GLENDALE, Ariz. — If Jim Harbaugh wasn't so highly visible, leading the San Francisco 49ers back to the NFL playoffs, you might think he was still coaching at Stanford.
The transition to David Shaw has been that fluid.
“That was the plan,” Cardinal offensive coordinator Pep Hamilton said, “to maintain the continuity from our 2010 season.”
No, not much has changed in Palo Alto, even with Harbaugh moving his office up the road to Candlestick.
The Cardinal went to a BCS game a year ago, destroying Virginia Tech 40-12 in the Orange Bowl. It's again back in one, tonight's Fiesta Bowl against No. 3 Oklahoma State here in suburban Phoenix.
Harbaugh kickstarted the stalled program. And Shaw has kept it running.
“I think it was a very natural fit,” all-conference tight end Coby Fleener said. “For him to just kind of step in, it wasn't an issue with us at all.”
Shaw joined Harbaugh in 2006 at the University of San Diego, working as the Toreros' receivers coach and passing coordinator.
When Harbaugh took the Stanford job the following year, he took Shaw with him – and made him the offensive coordinator.
So, it was natural that Shaw would get the job when Harbaugh left for the NFL.
“He always had a big presence on the staff, as it was,” said Andrew Luck, Stanford's All-America quarterback and two-time Heisman finalist. “He made it comfortable for everyone. So much has been the same. It's been very, very smooth.”
Didn't hurt that Shaw is a 1994 Stanford grad, a former Cardinal receiver. He also played basketball and ran track.
“I'm very proud of my school,” Shaw said this week.

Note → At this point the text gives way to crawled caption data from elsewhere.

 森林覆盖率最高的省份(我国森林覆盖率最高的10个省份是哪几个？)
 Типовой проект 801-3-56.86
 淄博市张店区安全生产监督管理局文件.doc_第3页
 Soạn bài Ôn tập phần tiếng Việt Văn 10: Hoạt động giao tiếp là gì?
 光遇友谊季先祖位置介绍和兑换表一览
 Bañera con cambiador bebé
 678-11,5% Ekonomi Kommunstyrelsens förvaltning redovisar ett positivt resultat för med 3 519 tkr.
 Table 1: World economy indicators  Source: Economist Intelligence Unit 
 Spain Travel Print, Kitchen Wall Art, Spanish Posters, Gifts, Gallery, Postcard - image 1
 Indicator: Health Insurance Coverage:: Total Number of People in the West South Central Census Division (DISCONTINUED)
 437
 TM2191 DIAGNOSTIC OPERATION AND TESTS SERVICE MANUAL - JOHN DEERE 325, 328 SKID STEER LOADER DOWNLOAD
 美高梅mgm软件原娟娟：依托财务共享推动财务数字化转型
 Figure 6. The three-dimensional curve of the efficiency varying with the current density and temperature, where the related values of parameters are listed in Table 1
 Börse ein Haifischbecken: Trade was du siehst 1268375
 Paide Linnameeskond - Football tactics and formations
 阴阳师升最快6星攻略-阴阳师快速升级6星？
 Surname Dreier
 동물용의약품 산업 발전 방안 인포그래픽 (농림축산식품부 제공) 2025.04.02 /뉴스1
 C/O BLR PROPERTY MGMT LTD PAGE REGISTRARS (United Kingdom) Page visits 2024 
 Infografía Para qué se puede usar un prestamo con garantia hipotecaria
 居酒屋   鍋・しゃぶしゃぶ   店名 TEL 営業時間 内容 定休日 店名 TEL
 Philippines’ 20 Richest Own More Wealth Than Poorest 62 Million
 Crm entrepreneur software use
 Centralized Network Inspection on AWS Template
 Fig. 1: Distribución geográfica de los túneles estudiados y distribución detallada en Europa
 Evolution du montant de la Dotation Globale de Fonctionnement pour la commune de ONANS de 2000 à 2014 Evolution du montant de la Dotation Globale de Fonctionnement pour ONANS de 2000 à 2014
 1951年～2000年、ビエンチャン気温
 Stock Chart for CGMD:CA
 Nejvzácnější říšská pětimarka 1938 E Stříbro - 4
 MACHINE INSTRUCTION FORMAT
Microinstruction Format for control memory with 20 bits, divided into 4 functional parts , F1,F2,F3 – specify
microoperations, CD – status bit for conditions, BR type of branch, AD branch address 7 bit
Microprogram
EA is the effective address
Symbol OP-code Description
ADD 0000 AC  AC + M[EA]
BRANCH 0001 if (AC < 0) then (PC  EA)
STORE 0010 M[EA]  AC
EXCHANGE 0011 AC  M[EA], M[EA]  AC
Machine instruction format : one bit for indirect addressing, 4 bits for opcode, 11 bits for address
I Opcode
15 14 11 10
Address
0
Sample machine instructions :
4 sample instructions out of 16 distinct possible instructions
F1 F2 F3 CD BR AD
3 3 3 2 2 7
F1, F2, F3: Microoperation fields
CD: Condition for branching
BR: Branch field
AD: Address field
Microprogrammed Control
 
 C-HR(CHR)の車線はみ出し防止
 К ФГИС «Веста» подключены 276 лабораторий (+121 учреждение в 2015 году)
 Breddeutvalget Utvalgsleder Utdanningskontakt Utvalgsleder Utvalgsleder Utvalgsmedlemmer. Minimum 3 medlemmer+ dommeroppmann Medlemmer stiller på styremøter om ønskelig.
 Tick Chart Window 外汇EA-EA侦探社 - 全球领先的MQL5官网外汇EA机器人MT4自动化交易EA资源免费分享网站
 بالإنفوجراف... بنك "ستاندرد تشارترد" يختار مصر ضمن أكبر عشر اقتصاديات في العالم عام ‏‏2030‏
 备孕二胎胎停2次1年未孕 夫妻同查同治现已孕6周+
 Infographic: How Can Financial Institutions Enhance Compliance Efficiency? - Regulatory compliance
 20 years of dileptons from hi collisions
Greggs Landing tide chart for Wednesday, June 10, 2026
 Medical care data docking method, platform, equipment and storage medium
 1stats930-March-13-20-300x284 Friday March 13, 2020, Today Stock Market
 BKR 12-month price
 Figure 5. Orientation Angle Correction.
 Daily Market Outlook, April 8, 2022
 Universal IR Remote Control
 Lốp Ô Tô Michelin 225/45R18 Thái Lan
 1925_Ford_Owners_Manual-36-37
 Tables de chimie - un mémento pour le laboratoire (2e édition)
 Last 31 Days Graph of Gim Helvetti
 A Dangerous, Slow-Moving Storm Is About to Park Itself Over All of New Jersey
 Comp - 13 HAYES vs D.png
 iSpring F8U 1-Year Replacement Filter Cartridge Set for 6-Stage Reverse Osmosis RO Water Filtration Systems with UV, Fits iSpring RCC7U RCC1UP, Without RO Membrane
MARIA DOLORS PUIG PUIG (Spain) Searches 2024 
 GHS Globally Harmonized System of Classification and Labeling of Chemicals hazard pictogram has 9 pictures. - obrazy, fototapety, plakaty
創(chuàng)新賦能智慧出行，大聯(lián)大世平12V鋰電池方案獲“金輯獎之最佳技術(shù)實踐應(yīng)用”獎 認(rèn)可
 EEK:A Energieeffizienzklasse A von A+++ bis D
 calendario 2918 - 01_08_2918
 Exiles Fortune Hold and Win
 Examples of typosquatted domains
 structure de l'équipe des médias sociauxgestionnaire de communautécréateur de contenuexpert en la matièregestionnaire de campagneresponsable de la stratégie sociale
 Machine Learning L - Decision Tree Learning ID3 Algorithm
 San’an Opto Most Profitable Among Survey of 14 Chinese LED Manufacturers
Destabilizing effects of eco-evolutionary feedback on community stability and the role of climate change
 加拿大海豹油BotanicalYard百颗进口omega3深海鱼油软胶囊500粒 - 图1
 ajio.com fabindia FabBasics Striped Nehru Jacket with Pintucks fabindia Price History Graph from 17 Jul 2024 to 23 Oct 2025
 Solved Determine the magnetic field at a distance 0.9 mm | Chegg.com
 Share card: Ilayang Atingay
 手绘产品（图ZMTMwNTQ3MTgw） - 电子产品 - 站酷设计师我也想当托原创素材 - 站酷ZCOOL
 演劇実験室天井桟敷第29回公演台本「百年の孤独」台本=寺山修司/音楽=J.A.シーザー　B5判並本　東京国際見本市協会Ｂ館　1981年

Shaw is able to relate to his players on a different level, because of his playing experience at the school. It's something he references often, several players said.
“You call him a Stanford man,” Luck said. “You can tell he has a lot of respect for the university and really loves it.”
The common denominator in coaching success at Stanford has been, oddly enough, professional football. Going all the way back to Bill Walsh, for whom Shaw played, the Cardinal has always been linked to the NFL.
It figures, then, that a former pro quarterback would again get the program going – and Shaw would sustain and continue that momentum.
Shaw worked with the Eagles, Raiders and Ravens before hooking up with Harbaugh. His father, Willie, spent time with the Lions, Chiefs, Vikings, Saints, Raiders, Chargers and Rams. He was also at Stanford from 1974-76, and then from 1989-91.
Shaw said he developed his offensive scheme through a variety of NFL experiences. He was Rich Gannon's quarterbacks coach in Oakland. Later, he learned how to take advantage of having a versatile tight end in Baltimore, with Todd Heap.
Those elements have come into play again. Luck is a mobile quarterback, like Gannon. The role of Heap is played by Fleener.
Luck was a consideration, too, in promoting Shaw. The once-in-a-generation passer had interest in staying for another year, and the fact that he would be running the same system with the same offensive coaches – with the obvious exception of Harbaugh – had an impact in his choice to stay.
“Obviously,” Luck said, “it's worked out very well with Coach Shaw.”